> **Task description**: Word for word, return the lines from the start of the entries below through the line that has "Leia mais sobre".

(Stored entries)
== Segment start ==

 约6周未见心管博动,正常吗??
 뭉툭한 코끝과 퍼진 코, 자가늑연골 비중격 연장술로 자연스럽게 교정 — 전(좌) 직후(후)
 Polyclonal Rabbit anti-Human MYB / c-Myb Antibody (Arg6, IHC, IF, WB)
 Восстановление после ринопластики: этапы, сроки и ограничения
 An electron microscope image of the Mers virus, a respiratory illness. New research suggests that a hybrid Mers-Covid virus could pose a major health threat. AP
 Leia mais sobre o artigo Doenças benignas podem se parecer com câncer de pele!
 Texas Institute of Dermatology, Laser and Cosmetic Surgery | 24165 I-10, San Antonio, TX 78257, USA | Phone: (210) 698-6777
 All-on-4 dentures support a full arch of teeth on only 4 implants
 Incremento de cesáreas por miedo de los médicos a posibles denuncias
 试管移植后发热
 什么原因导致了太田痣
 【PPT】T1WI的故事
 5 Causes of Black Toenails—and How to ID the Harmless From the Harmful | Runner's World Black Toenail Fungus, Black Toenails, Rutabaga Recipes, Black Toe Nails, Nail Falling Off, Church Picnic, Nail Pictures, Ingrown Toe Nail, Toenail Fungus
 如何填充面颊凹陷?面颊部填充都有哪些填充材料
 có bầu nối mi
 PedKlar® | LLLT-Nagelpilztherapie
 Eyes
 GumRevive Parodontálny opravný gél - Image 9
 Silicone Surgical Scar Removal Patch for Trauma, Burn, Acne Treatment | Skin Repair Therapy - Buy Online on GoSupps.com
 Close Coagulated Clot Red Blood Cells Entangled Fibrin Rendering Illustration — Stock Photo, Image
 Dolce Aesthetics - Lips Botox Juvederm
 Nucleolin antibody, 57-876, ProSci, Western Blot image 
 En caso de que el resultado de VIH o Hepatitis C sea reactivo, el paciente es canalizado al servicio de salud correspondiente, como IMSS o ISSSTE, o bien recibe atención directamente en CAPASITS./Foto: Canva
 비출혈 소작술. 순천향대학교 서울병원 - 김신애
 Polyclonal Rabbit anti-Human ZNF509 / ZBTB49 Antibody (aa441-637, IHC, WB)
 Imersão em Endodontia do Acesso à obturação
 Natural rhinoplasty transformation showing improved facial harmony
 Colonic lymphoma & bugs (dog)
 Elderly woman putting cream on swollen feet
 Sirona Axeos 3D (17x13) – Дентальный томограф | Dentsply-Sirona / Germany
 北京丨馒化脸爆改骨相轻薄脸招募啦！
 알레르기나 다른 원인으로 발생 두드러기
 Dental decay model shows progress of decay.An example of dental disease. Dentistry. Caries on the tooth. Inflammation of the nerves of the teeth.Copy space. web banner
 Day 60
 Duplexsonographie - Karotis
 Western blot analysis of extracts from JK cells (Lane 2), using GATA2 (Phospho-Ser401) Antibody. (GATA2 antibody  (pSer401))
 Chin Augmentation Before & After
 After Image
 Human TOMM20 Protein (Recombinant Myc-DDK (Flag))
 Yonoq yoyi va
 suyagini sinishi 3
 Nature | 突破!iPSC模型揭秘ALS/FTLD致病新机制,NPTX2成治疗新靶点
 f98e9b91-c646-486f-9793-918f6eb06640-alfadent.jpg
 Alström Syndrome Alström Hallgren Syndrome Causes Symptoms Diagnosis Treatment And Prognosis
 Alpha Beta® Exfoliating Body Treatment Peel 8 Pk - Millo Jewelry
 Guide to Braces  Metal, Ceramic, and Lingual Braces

== Segment end ==

> **Written reply**:
 约6周未见心管博动,正常吗??
 뭉툭한 코끝과 퍼진 코, 자가늑연골 비중격 연장술로 자연스럽게 교정 — 전(좌) 직후(후)
 Polyclonal Rabbit anti-Human MYB / c-Myb Antibody (Arg6, IHC, IF, WB)
 Восстановление после ринопластики: этапы, сроки и ограничения
 An electron microscope image of the Mers virus, a respiratory illness. New research suggests that a hybrid Mers-Covid virus could pose a major health threat. AP
 Leia mais sobre o artigo Doenças benignas podem se parecer com câncer de pele!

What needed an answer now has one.